This one thing that all lasting friendships have in common

This one thing that all lasting friendships have in common

Friends for life. If there are any relationships we seek to maintain and hope will last a lifetime, it’s friendships. We wonder if our romantic relationships can work, we rarely get attached to our professional relationships, and we (sometimes) put up with our family relationships. But as for friends, we rarely consider breaking up.

However, over the course of our lives and our experiences, certain friendships run out of steam or suddenly break up. So how can we preserve these relationships that are essential to our physical and mental well-being so that they stay with us as long as possible?
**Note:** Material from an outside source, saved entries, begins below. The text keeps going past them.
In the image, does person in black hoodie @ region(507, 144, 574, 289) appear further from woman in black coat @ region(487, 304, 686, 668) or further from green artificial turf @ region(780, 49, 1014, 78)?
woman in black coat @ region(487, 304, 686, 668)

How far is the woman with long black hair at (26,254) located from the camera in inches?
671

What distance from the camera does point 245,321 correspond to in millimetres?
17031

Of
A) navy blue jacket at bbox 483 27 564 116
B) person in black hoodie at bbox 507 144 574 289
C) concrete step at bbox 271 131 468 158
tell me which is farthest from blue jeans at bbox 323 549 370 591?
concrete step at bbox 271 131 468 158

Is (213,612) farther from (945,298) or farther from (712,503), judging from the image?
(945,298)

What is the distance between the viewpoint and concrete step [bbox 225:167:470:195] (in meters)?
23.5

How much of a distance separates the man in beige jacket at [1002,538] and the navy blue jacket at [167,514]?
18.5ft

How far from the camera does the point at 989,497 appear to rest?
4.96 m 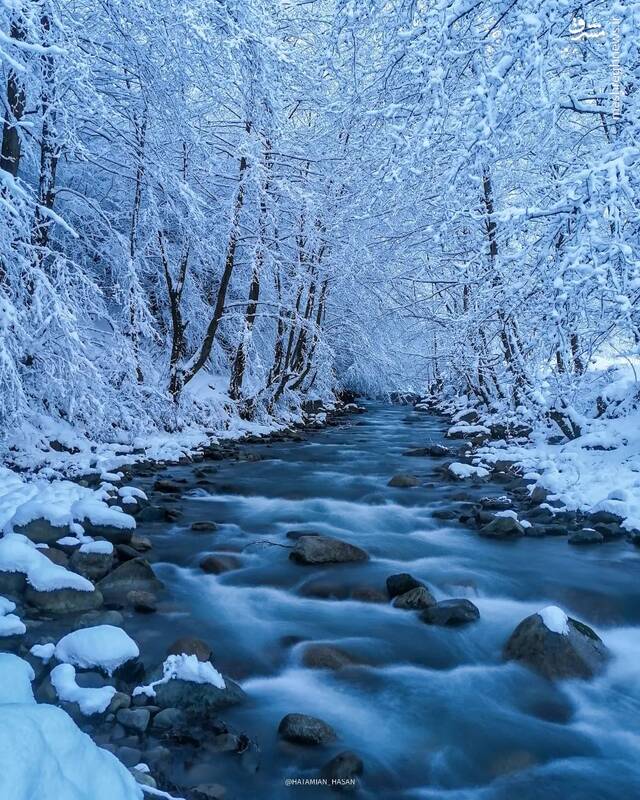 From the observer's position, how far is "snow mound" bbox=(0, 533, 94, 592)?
452 cm

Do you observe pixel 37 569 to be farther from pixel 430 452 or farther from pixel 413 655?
pixel 430 452

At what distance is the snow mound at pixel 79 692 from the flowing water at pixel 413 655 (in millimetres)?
587

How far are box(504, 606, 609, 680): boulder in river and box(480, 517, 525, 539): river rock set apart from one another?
2.57 m

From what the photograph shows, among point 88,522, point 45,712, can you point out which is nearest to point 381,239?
point 88,522

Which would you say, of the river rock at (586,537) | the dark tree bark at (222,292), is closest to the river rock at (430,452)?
the dark tree bark at (222,292)

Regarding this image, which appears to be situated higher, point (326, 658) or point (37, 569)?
point (37, 569)

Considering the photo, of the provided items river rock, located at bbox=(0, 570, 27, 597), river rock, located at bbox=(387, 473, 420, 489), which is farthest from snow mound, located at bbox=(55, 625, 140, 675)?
river rock, located at bbox=(387, 473, 420, 489)

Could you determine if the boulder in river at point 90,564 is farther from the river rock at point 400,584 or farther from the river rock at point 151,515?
the river rock at point 400,584

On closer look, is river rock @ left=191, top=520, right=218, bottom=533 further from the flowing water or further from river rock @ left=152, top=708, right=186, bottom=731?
river rock @ left=152, top=708, right=186, bottom=731

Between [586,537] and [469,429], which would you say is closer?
[586,537]

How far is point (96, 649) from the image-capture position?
3.69 metres

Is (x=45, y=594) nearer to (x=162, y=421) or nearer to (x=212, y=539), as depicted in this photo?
(x=212, y=539)

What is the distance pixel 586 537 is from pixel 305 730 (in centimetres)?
440

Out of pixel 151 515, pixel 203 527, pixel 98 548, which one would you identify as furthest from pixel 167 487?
pixel 98 548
The key to a relationship that works

What is the secret to a lasting friendship? “There are many things that can be cited: common interests, similar personalities, shared experiences,” lists Hannah Owens, a mental health professional, for Very Well Mind. But there is one thing that no lasting friendship can do without: the limits. »Useful in all our personal and professional relationships, limits are those elements which ensure empathy and mutual respect, specifies the expert.

“When you set a boundary in a relationship, you express to the other person what you expect of them and how you want to be treatedshe specifies. Setting a boundary may involve telling the other person if something they do makes you uncomfortable or if a particular topic of conversation is off-limits. » Through limits, you do not prevent the other from acting as they wish. On the other hand, you clearly communicate your expectations of him and give an overview of your potential reaction if these limits are not respected. Boundaries can look like a request, such as not calling after a certain time, not invading personal space, allowing time when you have expressed certain emotions, not talking about certain topics, not joking about certain topics.

Essential elements of lasting friendships

“You have the right to set boundaries for what you need in your relationship, and if you love and respect someone, you will respect the boundaries they set for you,” agrees clinical psychologist Amy Marschall for Very Well Mind. However, it is just as natural to have difficulty “imposing” your limits. Fear of making people angry, being criticized or rejected, disappointing others, being seen as difficult or selfish, hurting people, being ignored or misunderstood, and ultimately ending a relationship can prevent us from doing so, recalls Sharon Martin, psychotherapist, for Psychology Today.

Pour effectively set boundariesthe expert recommends following 6 golden rules:

  • Focus on your feelings and needs.
  • Be direct.
  • Be specific.
  • Use a neutral tone.
  • Choose the right time.
  • Consider the other person’s needs.